Work to be completed:
Reproduce the whole listing exactly, omitting any picture it holds.
··· Supplied records ···
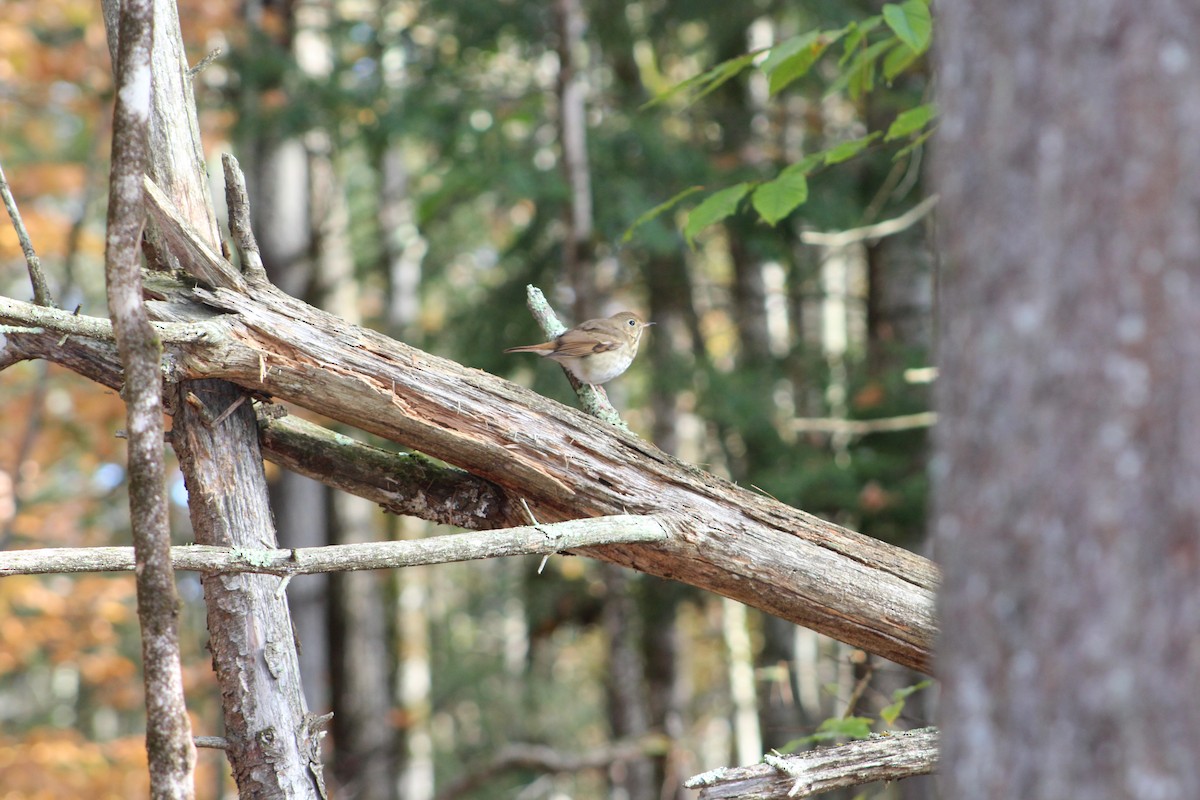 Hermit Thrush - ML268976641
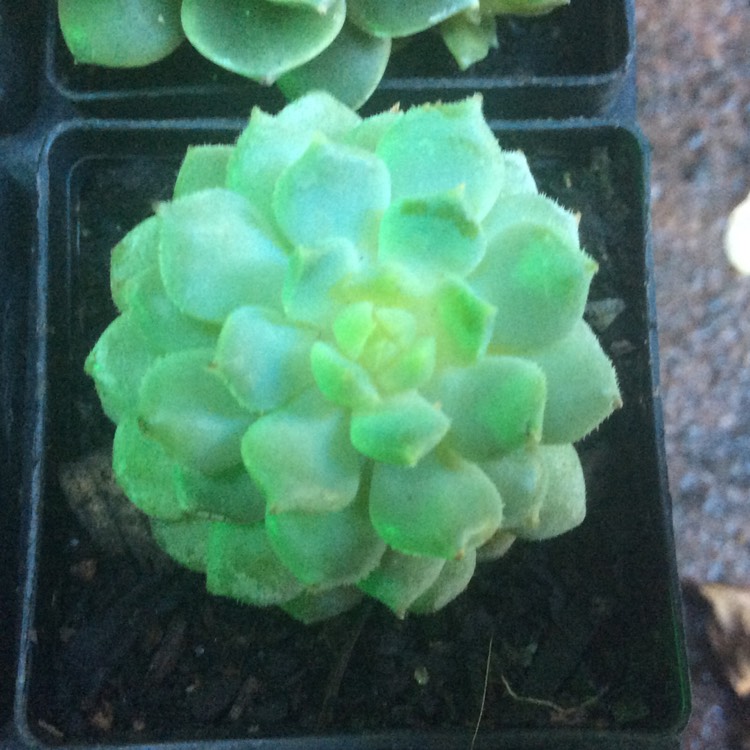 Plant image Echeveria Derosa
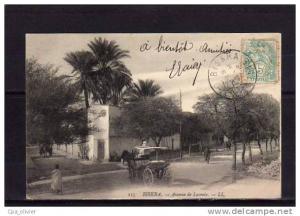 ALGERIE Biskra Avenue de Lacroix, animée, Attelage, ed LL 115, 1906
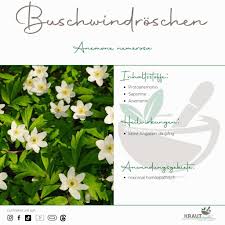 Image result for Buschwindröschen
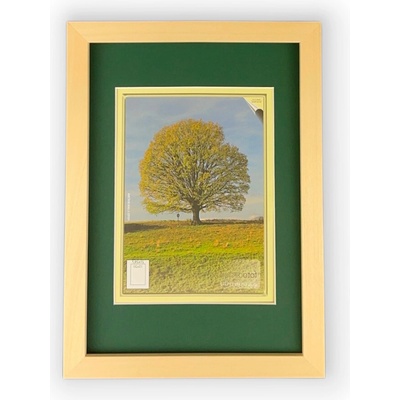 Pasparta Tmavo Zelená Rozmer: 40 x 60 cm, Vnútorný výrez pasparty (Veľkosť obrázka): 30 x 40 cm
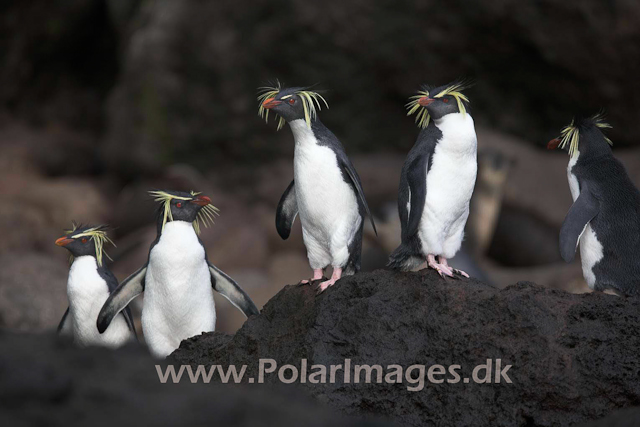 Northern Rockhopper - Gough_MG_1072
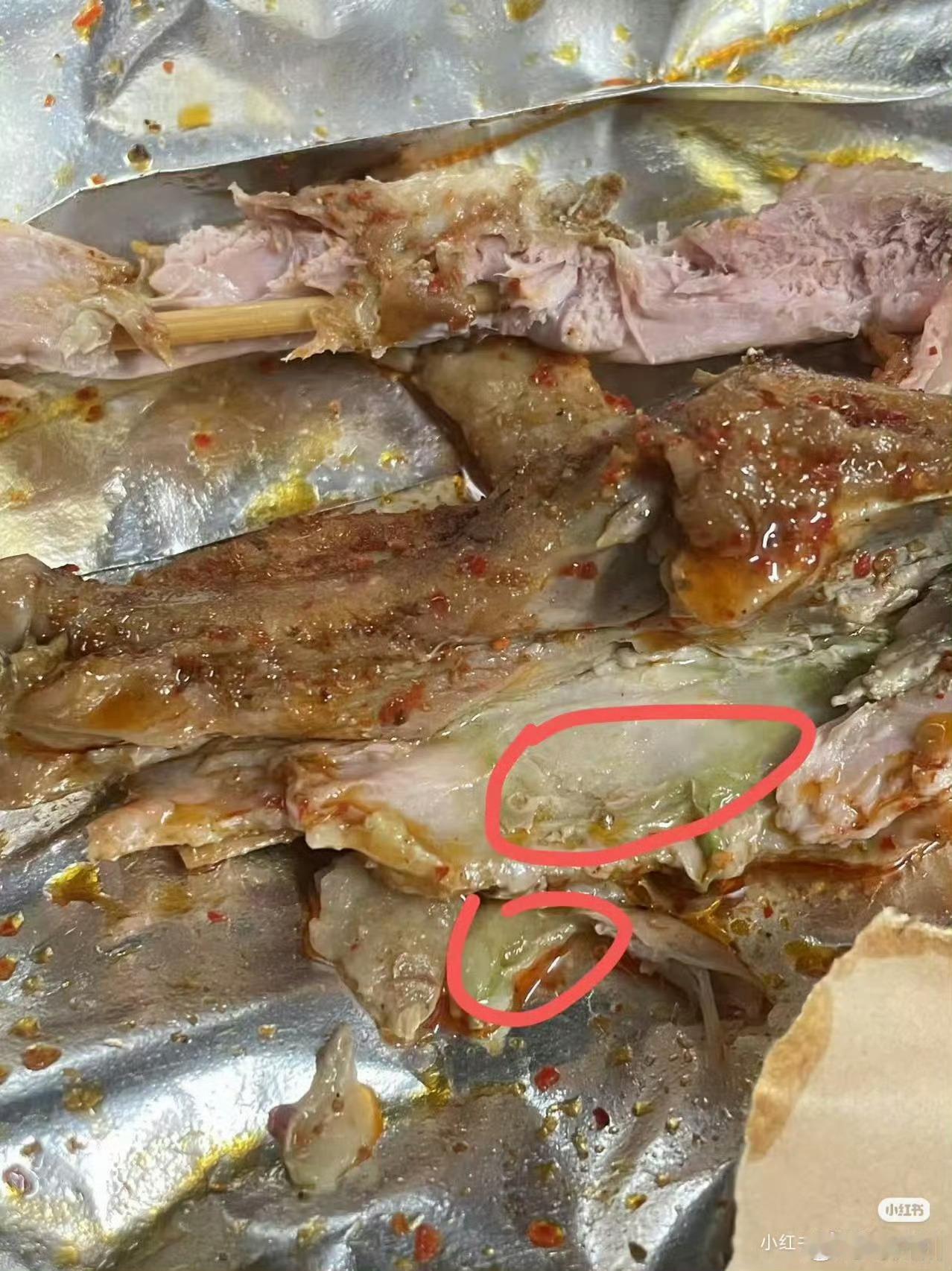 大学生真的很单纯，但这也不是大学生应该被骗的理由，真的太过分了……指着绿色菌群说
···
Answer to the exercise:
 Hermit Thrush - ML268976641
 Plant image Echeveria Derosa
 ALGERIE Biskra Avenue de Lacroix, animée, Attelage, ed LL 115, 1906
 Image result for Buschwindröschen
 Pasparta Tmavo Zelená Rozmer: 40 x 60 cm, Vnútorný výrez pasparty (Veľkosť obrázka): 30 x 40 cm
 Northern Rockhopper - Gough_MG_1072
 大学生真的很单纯，但这也不是大学生应该被骗的理由，真的太过分了……指着绿色菌群说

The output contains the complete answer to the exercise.